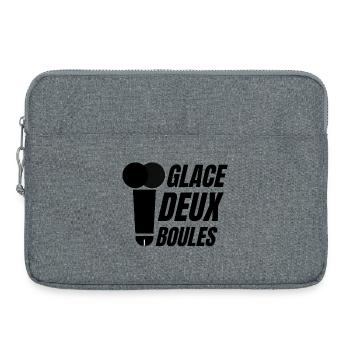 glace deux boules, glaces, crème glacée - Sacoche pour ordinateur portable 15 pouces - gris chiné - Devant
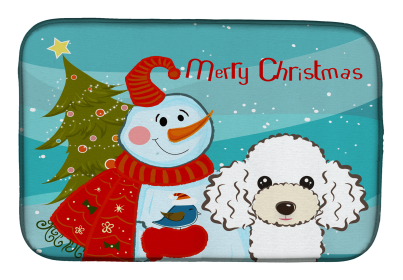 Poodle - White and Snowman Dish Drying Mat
• • • • •
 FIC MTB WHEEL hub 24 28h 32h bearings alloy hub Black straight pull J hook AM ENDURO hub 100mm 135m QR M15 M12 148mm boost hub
• • • • •
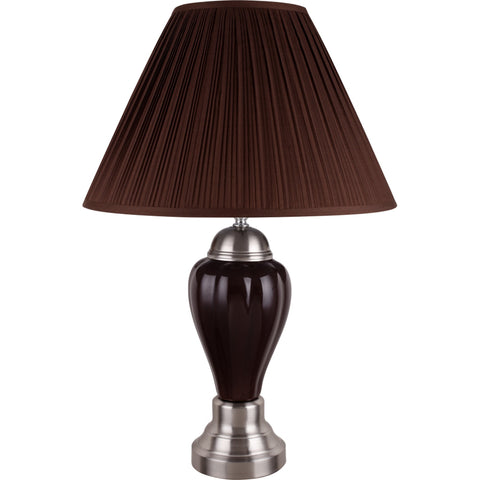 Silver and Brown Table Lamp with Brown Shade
• • • • •
Instructions to follow:
The lines to set down run from the line with "glace deux boules, glaces, crème" up to and including the line with "Poodle - White and Snowman Dish Drying Mat" in the entries above. Reproduce them exactly, with no pictures.

Output of the exercise:
 glace deux boules, glaces, crème glacée - Sacoche pour ordinateur portable 15 pouces - gris chiné - Devant
 Poodle - White and Snowman Dish Drying Mat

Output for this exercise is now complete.